*** Opening of Input records ***

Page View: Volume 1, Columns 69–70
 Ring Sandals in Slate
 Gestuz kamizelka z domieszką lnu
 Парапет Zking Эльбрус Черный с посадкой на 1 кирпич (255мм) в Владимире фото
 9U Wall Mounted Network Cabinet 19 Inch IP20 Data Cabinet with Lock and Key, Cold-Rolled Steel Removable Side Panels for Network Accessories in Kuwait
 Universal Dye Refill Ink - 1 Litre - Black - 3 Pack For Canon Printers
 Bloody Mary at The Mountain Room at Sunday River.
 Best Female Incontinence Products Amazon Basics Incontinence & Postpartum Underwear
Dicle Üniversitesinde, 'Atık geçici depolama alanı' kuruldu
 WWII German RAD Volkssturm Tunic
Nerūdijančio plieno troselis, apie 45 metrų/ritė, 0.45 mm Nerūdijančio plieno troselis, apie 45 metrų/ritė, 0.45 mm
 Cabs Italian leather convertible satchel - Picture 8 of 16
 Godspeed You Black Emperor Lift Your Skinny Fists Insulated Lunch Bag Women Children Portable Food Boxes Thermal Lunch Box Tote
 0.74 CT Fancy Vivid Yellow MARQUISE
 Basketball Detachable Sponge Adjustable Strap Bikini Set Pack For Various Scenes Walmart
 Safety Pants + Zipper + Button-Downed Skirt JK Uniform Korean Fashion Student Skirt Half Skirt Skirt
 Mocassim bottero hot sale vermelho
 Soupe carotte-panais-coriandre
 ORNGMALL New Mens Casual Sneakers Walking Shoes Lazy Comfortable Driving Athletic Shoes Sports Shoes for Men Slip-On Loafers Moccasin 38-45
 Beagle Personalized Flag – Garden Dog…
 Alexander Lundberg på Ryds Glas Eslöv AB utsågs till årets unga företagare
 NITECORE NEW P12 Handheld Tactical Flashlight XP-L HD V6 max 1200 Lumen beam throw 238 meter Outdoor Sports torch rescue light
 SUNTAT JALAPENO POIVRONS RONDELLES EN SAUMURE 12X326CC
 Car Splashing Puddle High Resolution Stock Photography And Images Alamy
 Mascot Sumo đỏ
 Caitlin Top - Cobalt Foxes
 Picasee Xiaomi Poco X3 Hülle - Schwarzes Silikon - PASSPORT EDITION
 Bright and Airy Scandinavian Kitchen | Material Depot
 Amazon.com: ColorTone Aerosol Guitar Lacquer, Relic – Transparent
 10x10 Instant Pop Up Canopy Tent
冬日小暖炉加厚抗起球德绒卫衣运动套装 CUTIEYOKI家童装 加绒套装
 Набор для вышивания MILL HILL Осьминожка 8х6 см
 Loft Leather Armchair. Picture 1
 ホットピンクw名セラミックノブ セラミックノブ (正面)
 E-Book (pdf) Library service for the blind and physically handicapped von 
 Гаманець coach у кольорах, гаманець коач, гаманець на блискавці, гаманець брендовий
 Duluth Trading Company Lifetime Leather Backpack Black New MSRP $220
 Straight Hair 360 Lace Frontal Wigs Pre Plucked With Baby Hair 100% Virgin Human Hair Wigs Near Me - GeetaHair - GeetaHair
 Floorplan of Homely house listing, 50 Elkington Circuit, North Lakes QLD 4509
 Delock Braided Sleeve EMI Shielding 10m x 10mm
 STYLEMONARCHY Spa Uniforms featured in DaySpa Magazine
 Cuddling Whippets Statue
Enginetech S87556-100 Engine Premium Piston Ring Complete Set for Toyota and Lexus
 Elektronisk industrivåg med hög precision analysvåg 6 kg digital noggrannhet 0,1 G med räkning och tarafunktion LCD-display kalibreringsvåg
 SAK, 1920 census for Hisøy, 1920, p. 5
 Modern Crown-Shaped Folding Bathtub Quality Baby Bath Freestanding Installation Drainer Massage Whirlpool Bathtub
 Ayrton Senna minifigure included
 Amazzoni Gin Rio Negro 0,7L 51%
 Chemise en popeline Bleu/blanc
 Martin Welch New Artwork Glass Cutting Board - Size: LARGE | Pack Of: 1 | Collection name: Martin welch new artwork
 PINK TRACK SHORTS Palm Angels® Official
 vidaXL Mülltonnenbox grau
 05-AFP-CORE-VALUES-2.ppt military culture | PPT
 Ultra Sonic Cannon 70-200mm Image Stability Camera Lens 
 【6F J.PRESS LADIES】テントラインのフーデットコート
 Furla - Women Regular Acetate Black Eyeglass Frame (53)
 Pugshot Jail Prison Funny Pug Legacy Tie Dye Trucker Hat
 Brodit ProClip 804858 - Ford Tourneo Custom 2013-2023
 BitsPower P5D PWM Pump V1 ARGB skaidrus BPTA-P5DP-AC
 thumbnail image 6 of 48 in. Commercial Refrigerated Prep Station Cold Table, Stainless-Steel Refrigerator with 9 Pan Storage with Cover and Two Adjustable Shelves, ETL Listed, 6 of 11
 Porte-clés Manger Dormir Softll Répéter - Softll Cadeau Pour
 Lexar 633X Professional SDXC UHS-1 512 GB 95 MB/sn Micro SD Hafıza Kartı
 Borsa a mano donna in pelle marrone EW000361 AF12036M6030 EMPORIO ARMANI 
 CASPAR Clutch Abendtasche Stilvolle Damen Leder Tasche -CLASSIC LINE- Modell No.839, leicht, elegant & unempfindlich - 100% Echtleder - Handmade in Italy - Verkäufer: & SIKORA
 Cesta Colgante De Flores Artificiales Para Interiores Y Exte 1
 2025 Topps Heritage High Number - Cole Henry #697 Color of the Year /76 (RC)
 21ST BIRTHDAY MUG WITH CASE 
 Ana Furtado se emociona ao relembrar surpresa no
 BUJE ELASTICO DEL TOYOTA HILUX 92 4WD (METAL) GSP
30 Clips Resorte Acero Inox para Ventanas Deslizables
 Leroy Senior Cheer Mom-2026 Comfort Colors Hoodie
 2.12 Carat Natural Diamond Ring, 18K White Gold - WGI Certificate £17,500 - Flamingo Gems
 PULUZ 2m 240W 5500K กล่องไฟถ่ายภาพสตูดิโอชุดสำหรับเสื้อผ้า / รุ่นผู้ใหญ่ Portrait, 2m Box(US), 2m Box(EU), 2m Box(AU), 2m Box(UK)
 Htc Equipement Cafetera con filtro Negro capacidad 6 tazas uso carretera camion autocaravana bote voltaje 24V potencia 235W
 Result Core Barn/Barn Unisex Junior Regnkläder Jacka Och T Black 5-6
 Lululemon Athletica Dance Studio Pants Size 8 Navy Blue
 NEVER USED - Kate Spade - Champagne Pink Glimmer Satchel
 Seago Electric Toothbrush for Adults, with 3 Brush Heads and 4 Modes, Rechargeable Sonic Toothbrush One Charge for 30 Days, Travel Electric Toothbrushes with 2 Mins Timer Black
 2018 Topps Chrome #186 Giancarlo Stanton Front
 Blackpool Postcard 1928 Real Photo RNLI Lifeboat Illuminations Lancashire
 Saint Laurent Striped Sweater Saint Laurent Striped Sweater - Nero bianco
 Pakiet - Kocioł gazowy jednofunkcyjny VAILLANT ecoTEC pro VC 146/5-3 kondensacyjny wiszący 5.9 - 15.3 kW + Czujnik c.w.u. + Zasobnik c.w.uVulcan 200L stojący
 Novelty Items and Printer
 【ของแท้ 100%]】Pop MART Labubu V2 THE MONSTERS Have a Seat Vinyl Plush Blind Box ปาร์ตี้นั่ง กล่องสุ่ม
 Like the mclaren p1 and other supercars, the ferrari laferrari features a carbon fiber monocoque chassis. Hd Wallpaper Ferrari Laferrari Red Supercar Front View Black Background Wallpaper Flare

*** Close of Input records ***

▶ _The problem_
Isolate each line of the listing above that includes "View". Copy it.

▶ _Exercise output_
Page View: Volume 1, Columns 69–70
 Like the mclaren p1 and other supercars, the ferrari laferrari features a carbon fiber monocoque chassis. Hd Wallpaper Ferrari Laferrari Red Supercar Front View Black Background Wallpaper Flare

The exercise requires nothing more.